Como líderes religiosos, guiados por la sabiduría de nuestras respectivas tradiciones, compartimos una responsabilidad sagrada: ayudar a nuestro pueblo a liberarse de las cadenas del prejuicio, la ira y el odio; ayudarlo a elevarse por encima del egoísmo y la autorreferencialidad; ayudarlo a vencer la codicia que destruye tanto el espíritu humano como la tierra. De esta manera, podemos guiar a nuestros pueblos para que se conviertan en profetas de nuestro tiempo, es decir, voces que denuncian la violencia y la injusticia, que sanan las divisiones y proclaman la paz para todos nuestros hermanos y hermanas.
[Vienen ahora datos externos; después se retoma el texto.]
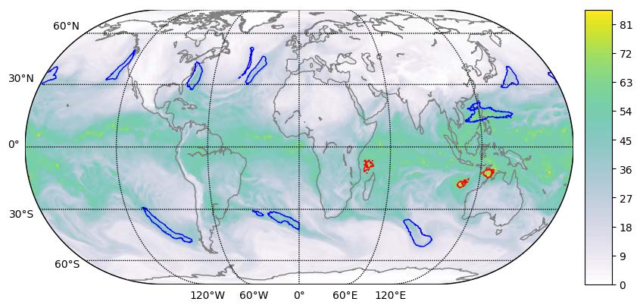 The impressive part about the segmentation masks overlaid on this map projection has nothing to do with antialiasing—it's the 300+ petaflops needed to analyze an entire planet's worth of atmospheric data in order to produce it.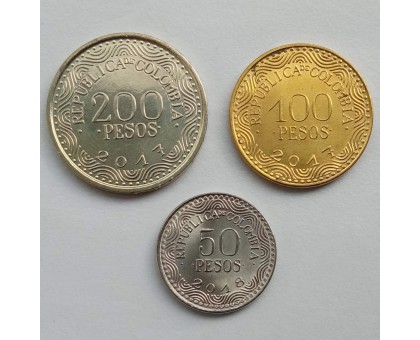 Колумбия 2017-2018. Набор 3 монеты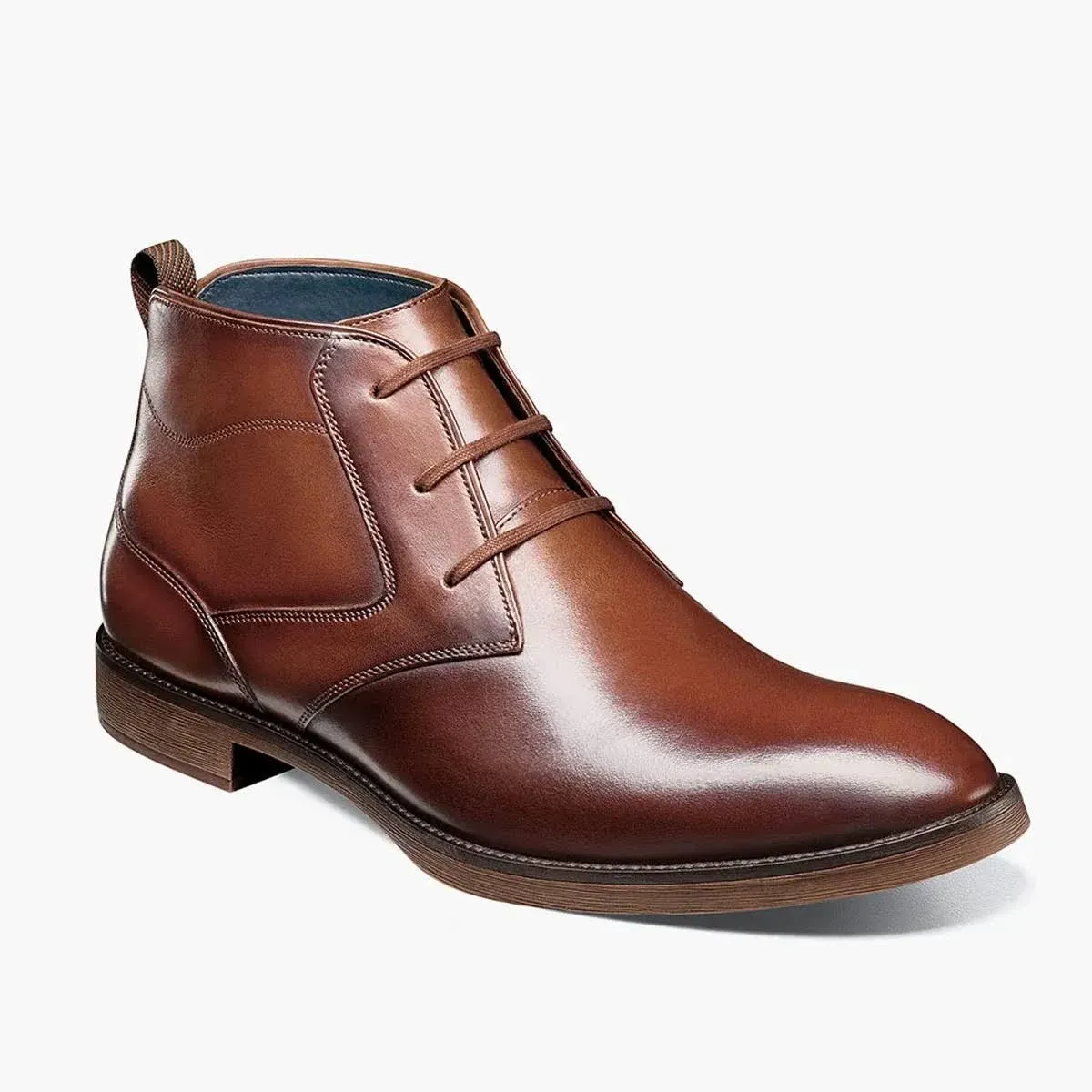 Stacy Adams Men's Kyron Plain Toe Chukka Boot - Cognac Smooth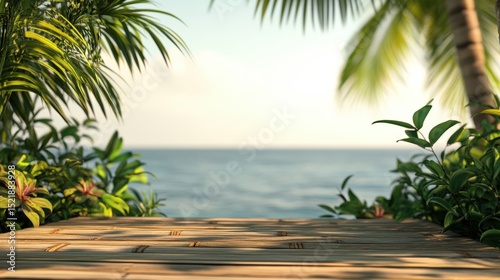 Tropical Oasis Vista: A serene tropical scene unfolds, inviting you to a sun-kissed journey. Glimpses of swaying palm trees and lush green plants frame the inviting ocean, a pathway to paradise. 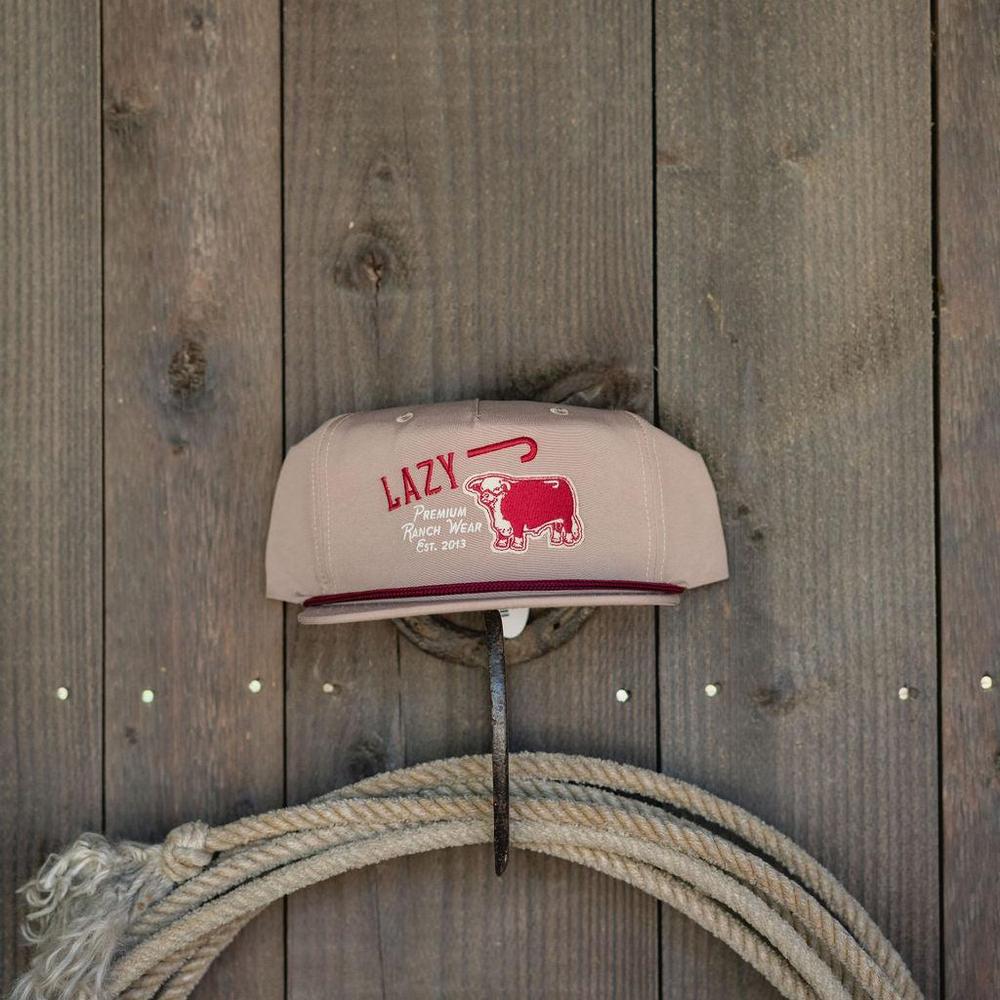 Lazy J Ranch Tan Red Premium Ranch Rope Trucker Hat-Lazy J Ranch Wear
Este año, la Iglesia católica celebra el Jubileo de la Esperanza. Tanto la esperanza como la peregrinación son realidades comunes a todas nuestras tradiciones religiosas. Este es el camino que Nostra Aetate nos invita a continuar: caminar juntos en la esperanza. Cuando lo emprendemos, ocurren maravillas: los corazones se abren, se construyen puentes y se trazan nuevos senderos allí donde nada parecía posible. Este no es el esfuerzo de una sola religión, de una sola nación o incluso de una sola generación.

Es una tarea sagrada para toda la humanidad mantener viva la esperanza, mantener vivo el diálogo y mantener vivo el amor en el corazón del mundo.

Mis queridos hermanos y hermanas, en este momento crucial de la historia, se nos ha confiado una gran misión: despertar en todos los hombres y mujeres su sentido de humanidad y de lo sagrado. Esto, amigos míos, es exactamente el motivo por el que nos hemos reunido en este lugar, teniendo la gran responsabilidad, como líderes religiosos, de llevar esperanza a una humanidad a menudo tentada por la desesperación. Recordemos que la oración tiene el poder de transformar nuestros corazones, nuestras palabras, nuestras acciones y nuestro mundo. Nos renueva desde dentro, reavivando en nosotros el espíritu de esperanza y amor.

Al respecto, recuerdo las palabras de San Juan Pablo II, pronunciadas en Asís en 1986: «Si el mundo debe continuar, y los hombres y las mujeres deben sobrevivir en él, el mundo no puede prescindir de la oración» (Discurso a los representantes de las Iglesias y comunidades eclesiales y de las religiones del mundo, 27 octubre 1986).

Invito, entonces, a cada uno de ustedes a detenerse ahora para un momento en oración silenciosa. Que la paz descienda sobre nosotros y llene nuestros corazones.